Waddington believed that there was a direct correlation between the eating habits of salmon in the ocean and their taking behavior in the river.
Topher’s thoughts:
“Fish are cold-blooded. Their body temperature approximates the temperature of the water in which they swim. Different species of fish also have a specific range of temperatures inside of which they are content or simply not stressed. For our purposes, salmon and steelhead seem pretty “happy” in temperatures ranging from 40 degrees Fahrenheit (4.4 degrees Celsius) to the low-to-middle 60s Fahrenheit (approximately 17-18 degrees Celsius). I don’t generally fish a dry fly for Atlantic salmon until the water temperature hits 50 degrees Fahrenheit (10 degrees Celsius), so I’d say Waddington’s watershed number of 48 degrees is pretty accurate. While exceptions to this rule abound, they do not fundamentally disprove it.”
5) Light and the sun
Waddington had some very interesting perspective on fish’s vision and the effects of the sun, refraction, and reflection. At one point, I even read that he almost guaranteed that an Atlantic salmon would not take a fly during a red sunset.
In addition to fishing theories, his team concluded that the pigment of the salmon’s scales is caused by the chemical effect of certain rays of sunlight, rather than the fish’s maturation. In a simple summary, he states that in low clear water, without the mask of the sun’s rays, the salmon’s body reddens faster.
Topher’s thoughts:
“In very clear rivers, I find salmon color up (i.e., darken) more slowly than they do in rivers that are heavily stained (i.e., tea-colored). A bright salmon in clear water is hard to see. A darker salmon in stained water is equally hard to see. Salmon are not chameleons, but they do seem to be able to influence their coloration for purposes of camouflage.
As far as red sunsets go, if all salmon and steelhead fishers get out of the pool during red sunsets, they will catch no salmon or steelhead during red sunsets. Keep that fly in the water. It’s the only rule of anadromous fishing.”
6) Fly Profile
Historically, salmon flies (and even early steelhead flies), were dressed with a wing designed to keep the fly riding upright through the river’s current.
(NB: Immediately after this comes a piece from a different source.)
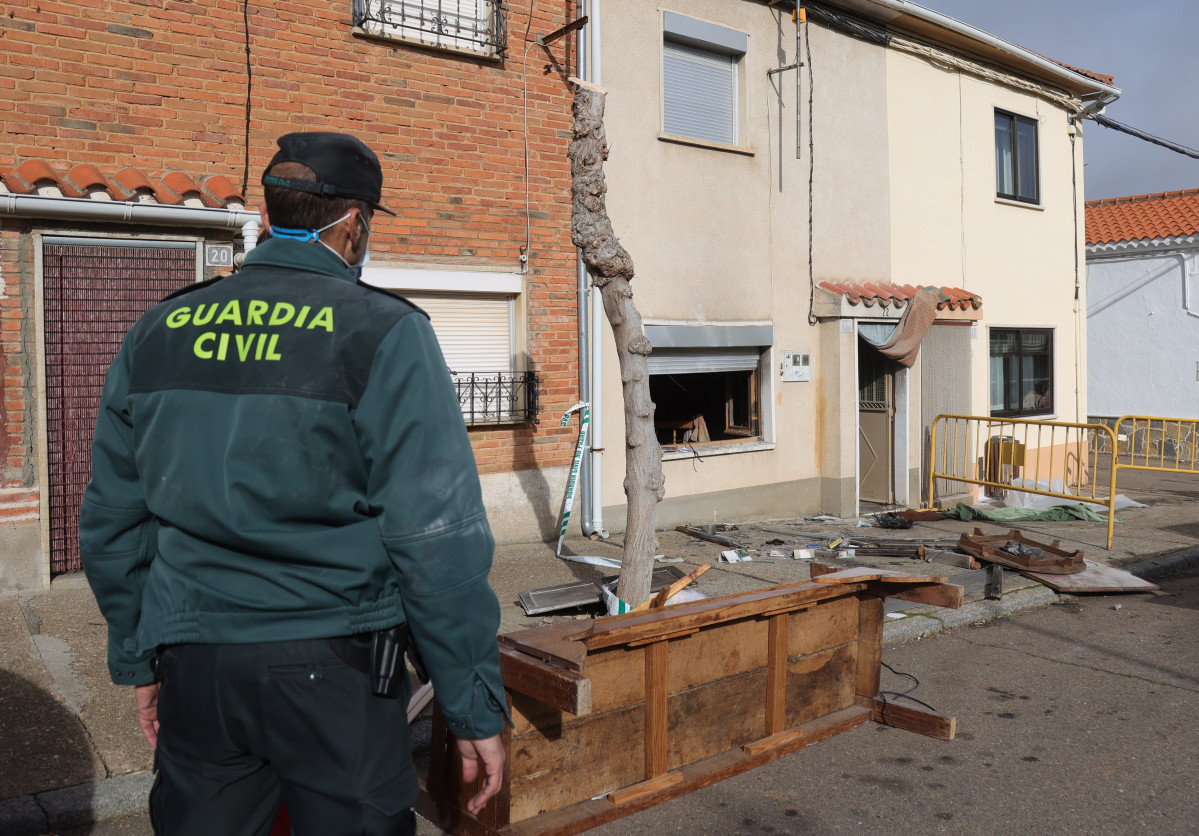Incendio en una vivienda en Tamames (Salamanca)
Waddington popularized the revolutionary Waddington shank, and was one of the first people to bring light to the benefits and usage of a wingless, 360 degree profile fly that had no predetermined “top” or “bottom”. He felt that this sort of fly looked more natural in the water and that it was beneficial to have the fly look similar regardless of which way it turned in the current – he was quickly criticized and mocked for his viewpoint.
Today, almost all of our common steelhead flies have this sort of profile and it is rather amusing to know that he was given such grief for what we so commonly regard as “the norm” today.
Topher’s thoughts:
“The debate still rages. Lots of winter steelhead flies are tied “in the round.” Most summer steelhead flies feature a wing on top. Scottish tube flies are frequently tied “in the round.” Nearly all Scandinavian tube flies are tied with a wing on top.
Who is right? I suggest you fish both styles and let the fish decide. If you fish flies that inspire confidence, it probably doesn’t matter if they’re tied “in the round” or with a wing on top.”
***
As I pour through studies and books from both our past and present, my findings and viewpoints seem to vary as frequently as the copyright dates in my library.
So what’s my theory? My theory is that with time modern science will always either prove or disprove what we preached as gospel in days past, but my prediction is that we will always have just as much fun debating what the “right” answer is today.